- **Problem**: Beneath this line are the data; copy exactly the part of them that opens with the line containing "These cousins of" and closes with the line containing "Moño de fiesta ajustable para perros y gatos", and only that part.

Content starts

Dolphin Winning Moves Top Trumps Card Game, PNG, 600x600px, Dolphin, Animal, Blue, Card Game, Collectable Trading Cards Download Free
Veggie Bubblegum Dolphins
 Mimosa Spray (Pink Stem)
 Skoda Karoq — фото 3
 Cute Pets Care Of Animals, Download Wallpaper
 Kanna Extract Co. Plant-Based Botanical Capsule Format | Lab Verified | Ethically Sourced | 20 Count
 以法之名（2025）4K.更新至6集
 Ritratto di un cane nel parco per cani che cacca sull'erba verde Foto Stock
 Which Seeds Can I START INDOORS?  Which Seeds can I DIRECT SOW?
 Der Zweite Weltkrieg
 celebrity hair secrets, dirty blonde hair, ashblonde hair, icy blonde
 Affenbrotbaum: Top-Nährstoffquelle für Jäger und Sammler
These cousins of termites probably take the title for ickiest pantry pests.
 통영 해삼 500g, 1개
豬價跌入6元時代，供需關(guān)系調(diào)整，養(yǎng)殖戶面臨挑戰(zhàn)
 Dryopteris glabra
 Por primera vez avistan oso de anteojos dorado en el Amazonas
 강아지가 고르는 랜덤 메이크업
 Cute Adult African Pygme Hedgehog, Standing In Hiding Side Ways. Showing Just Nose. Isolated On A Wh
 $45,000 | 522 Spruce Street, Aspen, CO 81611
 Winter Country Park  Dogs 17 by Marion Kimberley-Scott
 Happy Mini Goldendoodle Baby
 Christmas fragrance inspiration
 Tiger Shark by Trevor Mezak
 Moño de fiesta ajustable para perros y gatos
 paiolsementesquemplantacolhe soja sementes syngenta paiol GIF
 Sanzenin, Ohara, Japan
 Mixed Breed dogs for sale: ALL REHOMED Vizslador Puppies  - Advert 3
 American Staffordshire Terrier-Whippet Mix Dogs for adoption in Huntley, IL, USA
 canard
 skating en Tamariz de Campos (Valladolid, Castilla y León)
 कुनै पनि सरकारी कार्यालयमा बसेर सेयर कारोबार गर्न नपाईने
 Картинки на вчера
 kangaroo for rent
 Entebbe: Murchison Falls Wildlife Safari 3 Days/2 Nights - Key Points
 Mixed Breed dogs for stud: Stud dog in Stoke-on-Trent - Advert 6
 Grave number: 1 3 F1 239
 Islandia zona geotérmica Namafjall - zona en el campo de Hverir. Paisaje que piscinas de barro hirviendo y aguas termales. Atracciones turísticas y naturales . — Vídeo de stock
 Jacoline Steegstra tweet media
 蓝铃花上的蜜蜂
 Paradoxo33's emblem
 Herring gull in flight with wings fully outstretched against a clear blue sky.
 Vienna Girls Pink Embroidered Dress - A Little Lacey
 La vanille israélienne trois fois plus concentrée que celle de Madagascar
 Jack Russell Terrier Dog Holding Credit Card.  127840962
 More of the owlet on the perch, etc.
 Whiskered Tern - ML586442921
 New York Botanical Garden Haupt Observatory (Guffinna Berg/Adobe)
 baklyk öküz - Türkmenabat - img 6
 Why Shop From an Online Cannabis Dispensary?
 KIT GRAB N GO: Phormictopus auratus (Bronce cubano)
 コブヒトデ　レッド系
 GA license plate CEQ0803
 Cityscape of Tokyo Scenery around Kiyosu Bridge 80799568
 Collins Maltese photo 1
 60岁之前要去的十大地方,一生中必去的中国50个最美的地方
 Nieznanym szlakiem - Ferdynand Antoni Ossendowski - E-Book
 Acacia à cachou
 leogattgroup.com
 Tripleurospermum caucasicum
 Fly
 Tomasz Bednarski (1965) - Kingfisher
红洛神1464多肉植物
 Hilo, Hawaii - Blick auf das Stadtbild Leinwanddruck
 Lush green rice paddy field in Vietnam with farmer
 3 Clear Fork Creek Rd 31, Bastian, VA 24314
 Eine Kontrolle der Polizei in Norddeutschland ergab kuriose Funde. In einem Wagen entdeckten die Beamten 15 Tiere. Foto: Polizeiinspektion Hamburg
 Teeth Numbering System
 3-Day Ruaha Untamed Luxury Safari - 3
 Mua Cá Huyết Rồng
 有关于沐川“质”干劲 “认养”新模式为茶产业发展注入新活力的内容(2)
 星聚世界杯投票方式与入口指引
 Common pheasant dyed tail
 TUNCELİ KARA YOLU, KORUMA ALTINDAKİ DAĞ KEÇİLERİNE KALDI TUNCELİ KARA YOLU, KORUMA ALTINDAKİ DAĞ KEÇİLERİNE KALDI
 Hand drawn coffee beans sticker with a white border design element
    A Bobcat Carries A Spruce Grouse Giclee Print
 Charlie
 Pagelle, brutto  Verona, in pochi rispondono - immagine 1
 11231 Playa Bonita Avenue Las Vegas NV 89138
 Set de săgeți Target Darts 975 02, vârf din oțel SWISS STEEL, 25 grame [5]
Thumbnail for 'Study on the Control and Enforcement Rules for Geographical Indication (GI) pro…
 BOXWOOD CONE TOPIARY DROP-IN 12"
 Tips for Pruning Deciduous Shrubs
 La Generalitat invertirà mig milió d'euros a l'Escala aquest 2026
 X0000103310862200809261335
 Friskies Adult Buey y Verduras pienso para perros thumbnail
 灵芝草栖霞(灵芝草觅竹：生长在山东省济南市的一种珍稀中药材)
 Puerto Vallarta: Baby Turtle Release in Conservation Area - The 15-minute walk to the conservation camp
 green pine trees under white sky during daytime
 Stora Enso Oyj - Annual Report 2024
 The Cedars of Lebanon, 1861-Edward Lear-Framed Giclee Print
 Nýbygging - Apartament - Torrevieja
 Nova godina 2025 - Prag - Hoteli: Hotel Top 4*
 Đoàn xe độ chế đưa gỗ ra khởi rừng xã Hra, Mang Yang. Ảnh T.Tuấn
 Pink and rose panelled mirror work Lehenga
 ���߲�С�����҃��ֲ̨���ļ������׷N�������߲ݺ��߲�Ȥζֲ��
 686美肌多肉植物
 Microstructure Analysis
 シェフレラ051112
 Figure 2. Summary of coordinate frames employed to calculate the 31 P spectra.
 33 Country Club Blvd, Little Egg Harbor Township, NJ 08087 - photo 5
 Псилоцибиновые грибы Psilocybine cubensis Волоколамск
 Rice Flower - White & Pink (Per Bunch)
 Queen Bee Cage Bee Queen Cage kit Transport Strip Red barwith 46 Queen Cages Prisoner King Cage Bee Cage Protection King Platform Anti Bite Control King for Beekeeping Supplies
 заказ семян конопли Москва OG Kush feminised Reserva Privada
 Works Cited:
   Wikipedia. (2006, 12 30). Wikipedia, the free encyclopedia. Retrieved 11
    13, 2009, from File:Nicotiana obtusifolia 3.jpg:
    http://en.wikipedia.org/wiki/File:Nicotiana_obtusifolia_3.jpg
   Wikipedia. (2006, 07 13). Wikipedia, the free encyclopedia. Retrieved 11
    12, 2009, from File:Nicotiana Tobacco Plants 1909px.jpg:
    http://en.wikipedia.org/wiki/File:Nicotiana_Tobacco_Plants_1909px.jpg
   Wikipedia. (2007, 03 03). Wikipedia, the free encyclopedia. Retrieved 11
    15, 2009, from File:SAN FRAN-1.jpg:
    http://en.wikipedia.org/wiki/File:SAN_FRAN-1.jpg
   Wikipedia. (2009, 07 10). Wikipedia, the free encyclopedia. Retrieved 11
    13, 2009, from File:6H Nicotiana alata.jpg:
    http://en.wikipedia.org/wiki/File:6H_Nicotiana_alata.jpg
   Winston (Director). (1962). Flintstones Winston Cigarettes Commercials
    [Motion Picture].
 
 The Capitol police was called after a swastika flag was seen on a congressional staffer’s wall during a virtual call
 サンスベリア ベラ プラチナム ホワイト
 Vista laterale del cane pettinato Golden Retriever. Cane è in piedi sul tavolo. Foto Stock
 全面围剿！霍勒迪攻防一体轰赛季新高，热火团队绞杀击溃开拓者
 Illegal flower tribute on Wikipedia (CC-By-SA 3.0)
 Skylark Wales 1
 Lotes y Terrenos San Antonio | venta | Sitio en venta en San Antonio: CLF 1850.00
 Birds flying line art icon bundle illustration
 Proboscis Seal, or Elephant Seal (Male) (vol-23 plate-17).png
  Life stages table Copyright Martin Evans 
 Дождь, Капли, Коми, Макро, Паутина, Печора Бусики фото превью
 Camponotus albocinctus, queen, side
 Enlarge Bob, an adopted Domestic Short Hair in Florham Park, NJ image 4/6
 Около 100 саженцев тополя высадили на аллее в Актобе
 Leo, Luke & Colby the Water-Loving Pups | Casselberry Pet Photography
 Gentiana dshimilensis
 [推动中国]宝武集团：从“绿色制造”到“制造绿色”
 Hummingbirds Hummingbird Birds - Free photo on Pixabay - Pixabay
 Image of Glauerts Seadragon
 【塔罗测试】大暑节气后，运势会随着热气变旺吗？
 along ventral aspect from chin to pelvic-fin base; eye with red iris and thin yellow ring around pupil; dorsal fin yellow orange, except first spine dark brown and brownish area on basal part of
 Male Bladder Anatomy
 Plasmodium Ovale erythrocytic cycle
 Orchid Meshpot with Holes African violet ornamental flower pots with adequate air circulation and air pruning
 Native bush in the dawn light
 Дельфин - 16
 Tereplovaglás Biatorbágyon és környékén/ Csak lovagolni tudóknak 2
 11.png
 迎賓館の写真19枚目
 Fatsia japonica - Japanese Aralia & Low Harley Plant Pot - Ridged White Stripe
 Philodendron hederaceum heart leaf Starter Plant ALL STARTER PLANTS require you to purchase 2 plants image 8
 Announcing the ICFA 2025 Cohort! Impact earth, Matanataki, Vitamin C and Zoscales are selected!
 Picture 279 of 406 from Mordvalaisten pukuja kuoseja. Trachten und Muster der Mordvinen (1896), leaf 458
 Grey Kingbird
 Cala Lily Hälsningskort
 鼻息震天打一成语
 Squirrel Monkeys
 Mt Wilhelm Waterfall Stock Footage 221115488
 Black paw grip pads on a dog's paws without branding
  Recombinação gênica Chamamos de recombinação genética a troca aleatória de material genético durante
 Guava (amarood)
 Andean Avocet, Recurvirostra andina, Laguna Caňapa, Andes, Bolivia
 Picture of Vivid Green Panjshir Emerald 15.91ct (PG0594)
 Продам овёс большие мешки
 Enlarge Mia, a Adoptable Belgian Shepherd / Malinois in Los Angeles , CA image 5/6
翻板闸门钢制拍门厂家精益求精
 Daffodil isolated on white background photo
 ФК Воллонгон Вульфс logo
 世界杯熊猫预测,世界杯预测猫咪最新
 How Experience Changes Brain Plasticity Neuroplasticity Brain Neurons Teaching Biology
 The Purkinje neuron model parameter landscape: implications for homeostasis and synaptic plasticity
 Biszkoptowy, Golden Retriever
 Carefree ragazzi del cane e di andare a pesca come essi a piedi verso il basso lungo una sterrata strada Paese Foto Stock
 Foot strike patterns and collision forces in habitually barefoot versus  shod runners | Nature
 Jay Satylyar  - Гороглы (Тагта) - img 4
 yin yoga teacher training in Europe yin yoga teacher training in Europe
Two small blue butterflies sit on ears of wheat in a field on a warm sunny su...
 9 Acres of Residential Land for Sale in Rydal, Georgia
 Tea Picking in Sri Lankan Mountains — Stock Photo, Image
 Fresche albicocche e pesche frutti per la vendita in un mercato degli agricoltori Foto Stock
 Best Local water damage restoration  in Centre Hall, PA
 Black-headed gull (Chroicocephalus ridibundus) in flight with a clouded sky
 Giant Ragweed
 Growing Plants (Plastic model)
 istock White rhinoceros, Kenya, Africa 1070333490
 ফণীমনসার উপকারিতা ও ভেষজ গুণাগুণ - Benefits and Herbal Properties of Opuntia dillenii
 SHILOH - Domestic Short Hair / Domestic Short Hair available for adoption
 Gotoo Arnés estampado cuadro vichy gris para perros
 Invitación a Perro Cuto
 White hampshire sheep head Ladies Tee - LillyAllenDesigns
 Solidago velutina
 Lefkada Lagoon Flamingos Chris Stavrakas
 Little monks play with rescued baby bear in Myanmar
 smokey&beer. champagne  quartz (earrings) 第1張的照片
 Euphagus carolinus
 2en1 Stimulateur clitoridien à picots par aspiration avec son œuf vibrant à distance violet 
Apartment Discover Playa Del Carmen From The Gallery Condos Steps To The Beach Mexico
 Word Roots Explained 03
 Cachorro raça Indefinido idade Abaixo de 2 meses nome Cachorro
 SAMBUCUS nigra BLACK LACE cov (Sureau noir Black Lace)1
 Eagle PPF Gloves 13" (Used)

Content ends

- **Reply to the exercise**:
These cousins of termites probably take the title for ickiest pantry pests.
 통영 해삼 500g, 1개
豬價跌入6元時代，供需關(guān)系調(diào)整，養(yǎng)殖戶面臨挑戰(zhàn)
 Dryopteris glabra
 Por primera vez avistan oso de anteojos dorado en el Amazonas
 강아지가 고르는 랜덤 메이크업
 Cute Adult African Pygme Hedgehog, Standing In Hiding Side Ways. Showing Just Nose. Isolated On A Wh
 $45,000 | 522 Spruce Street, Aspen, CO 81611
 Winter Country Park  Dogs 17 by Marion Kimberley-Scott
 Happy Mini Goldendoodle Baby
 Christmas fragrance inspiration
 Tiger Shark by Trevor Mezak
 Moño de fiesta ajustable para perros y gatos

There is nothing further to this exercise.